0

I want to see the last URL of the website with Python. I'm mostly using requests and urllib2, but everything is welcome.

The website I'm trying isn't giving Response 302. It directly redirects using HTML or maybe PHP.

I used requests module for this, but it seems like it doesn't count HTML PHP redirects as "Redirect".

My current code:

def get_real(domain):
    red_domain = requests.get(domain, allow_redirects=True).url
    return red_domain

print(get_real("some_url"))

If there is a way to achieve this, how?
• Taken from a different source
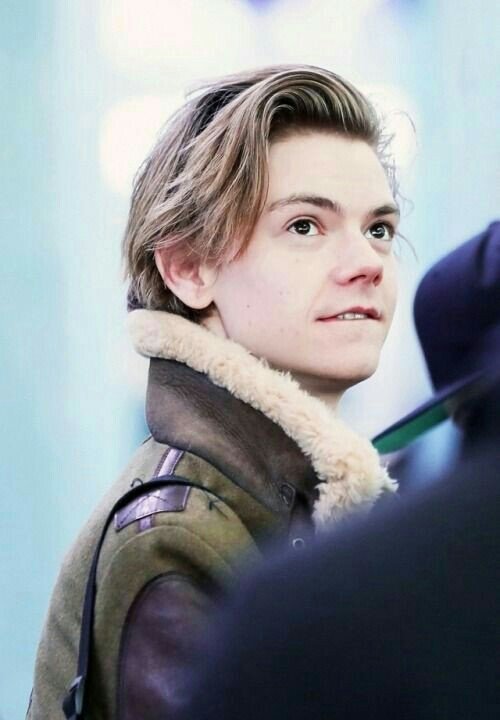 HAPPY 30TH BIRTHDAY THOMAS BRODIE-SANGSTER! 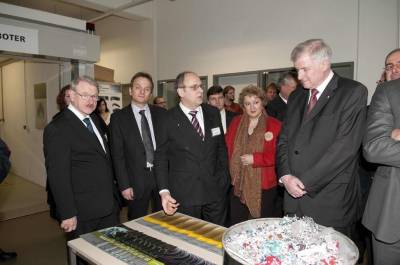 Das Bayerische Kabinett in F�rth:
MdL Guttenberger im Technikum Neue Werkstoffe und Fraunhofer Uferstadt
 mit Ministerpr�sident Horst Seehofer, Staatsminister Dr. Markus S�der, Staatsminister Joachim Herrmann, Staatsminister Dr. Heubisch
Thanks in advance!


Posts I checked:


EDIT: URL I'm trying: http://001.az. It's using HTML to redirect.

HTML Code inside it:

<HTML> <HEAD><META HTTP-EQUIV=Refresh CONTENT="0; url=http://fm.vc"></HEAD> </HTML>
ahmedg
  • 109
  • 1
  • 1
  • 9
  • Can you share the URL? – Andrej Kesely Jul 28 '20 at 22:35
  • Sure, I forgot to share it. Now, I'm editing question. – ahmedg Jul 29 '20 at 06:48
  • Is there a way to achieve that? Yes, of course. Is there a simple way? Unfortunately no. You will have to mimic what a browser would do, meaning parse the page searching the HEADER bloc for a META tag having attribute HTTP-EQUIV with value Refresh. BeautifulSoup could help here, else you will have to use a stock xml/html parser and pray for the HTML to be correct. Please say if BeautifulSoup is an option here. – Serge Ballesta Jul 29 '20 at 07:14
  • Thanks @SergeBallesta! Yes, we can use `BeautifulSoup` and/or `xml/html parser`. – ahmedg Jul 29 '20 at 07:19

1 Answers1

0

BeautifulSoup can help in detecting HTML Meta redirections:

from bs4 import BeautifulSoup

# use request to extract the HTML text
...
soup = BeautifulSoup(html_text.lower(), "html5lib")  # lower because we only want redirections

try:
    content = soup.heap.find('meta', {'http-equiv': 'refresh'}).attrs['content']
    ix = content.index('url=')
    url = content[ix+4:]
    # ok, we have to redirect to url
except AttributeError, KeyError, ValueError:
    url = None

# if url is not None, loop going there...
Serge Ballesta
  • 121,548
  • 10
  • 94
  • 199